* **Work order**
Stop after the line that contains "Red Apple 3D Icon - Glossy Fruit Design". Until then, retype each line of the entries exactly from the first one, skipping pictures.

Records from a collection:
________________________

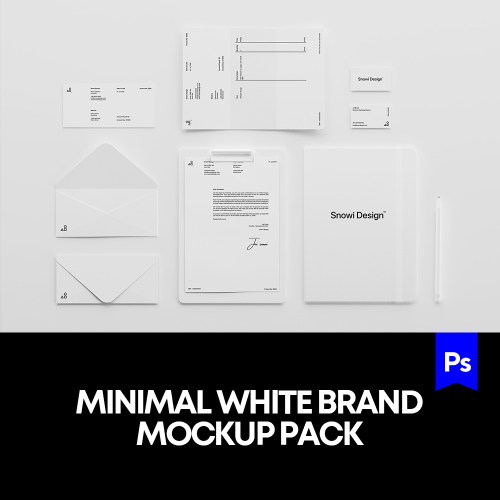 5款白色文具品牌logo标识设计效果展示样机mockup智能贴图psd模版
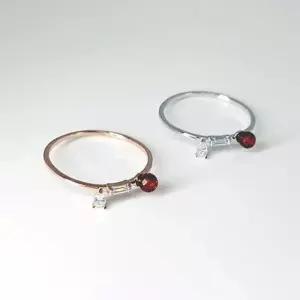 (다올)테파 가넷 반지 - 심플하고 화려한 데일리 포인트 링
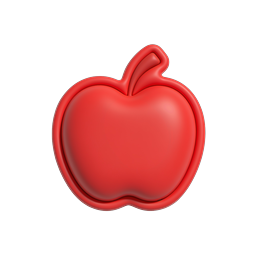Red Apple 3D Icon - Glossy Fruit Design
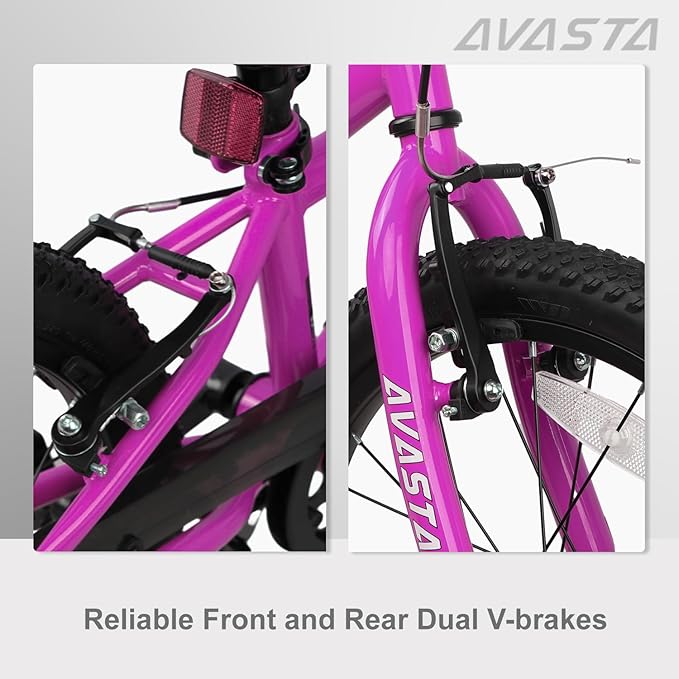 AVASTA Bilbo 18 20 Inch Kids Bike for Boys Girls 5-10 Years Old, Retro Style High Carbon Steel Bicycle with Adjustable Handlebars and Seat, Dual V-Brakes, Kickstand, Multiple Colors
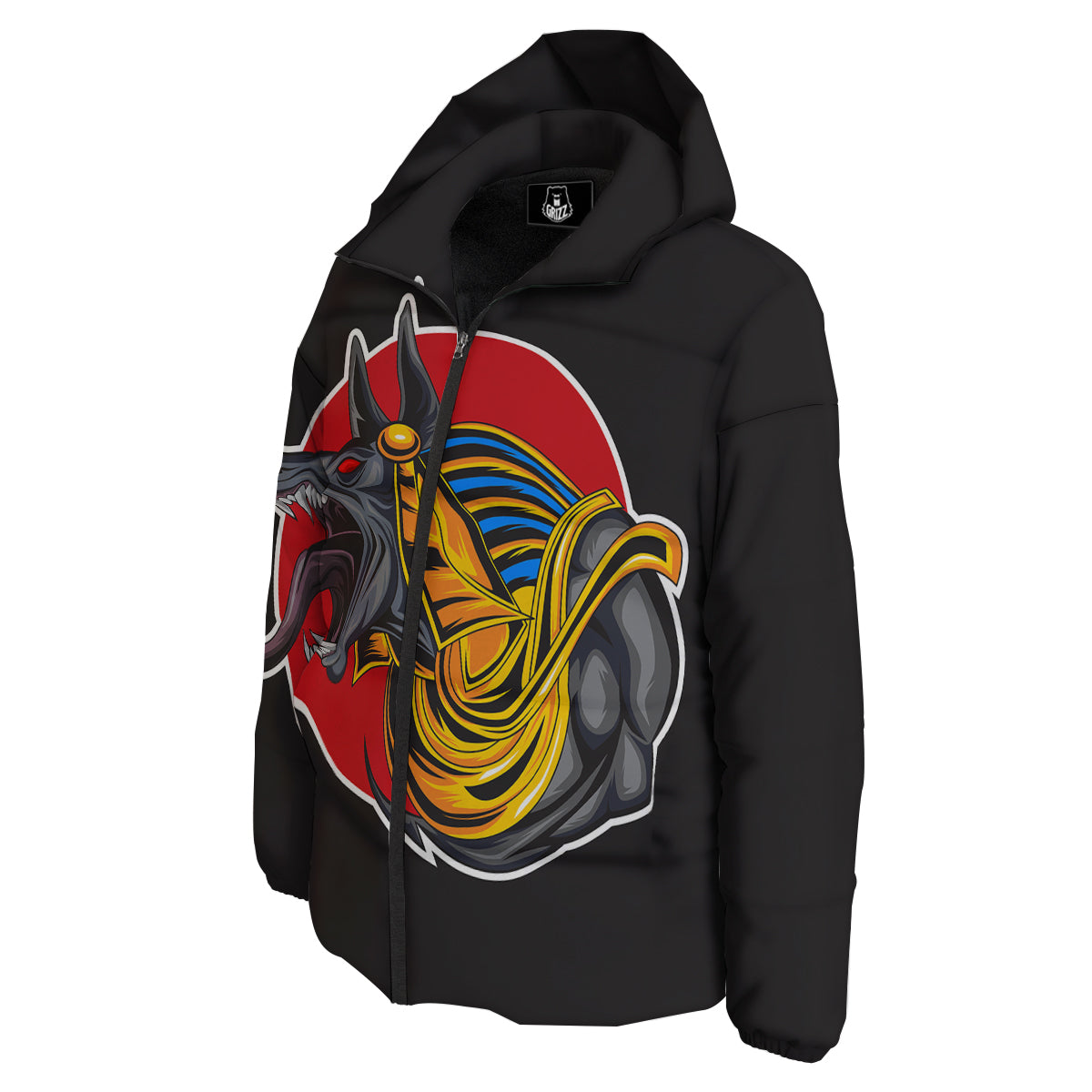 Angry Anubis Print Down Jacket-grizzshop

________________________

* **Reply to the task**
 5款白色文具品牌logo标识设计效果展示样机mockup智能贴图psd模版
 (다올)테파 가넷 반지 - 심플하고 화려한 데일리 포인트 링
Red Apple 3D Icon - Glossy Fruit Design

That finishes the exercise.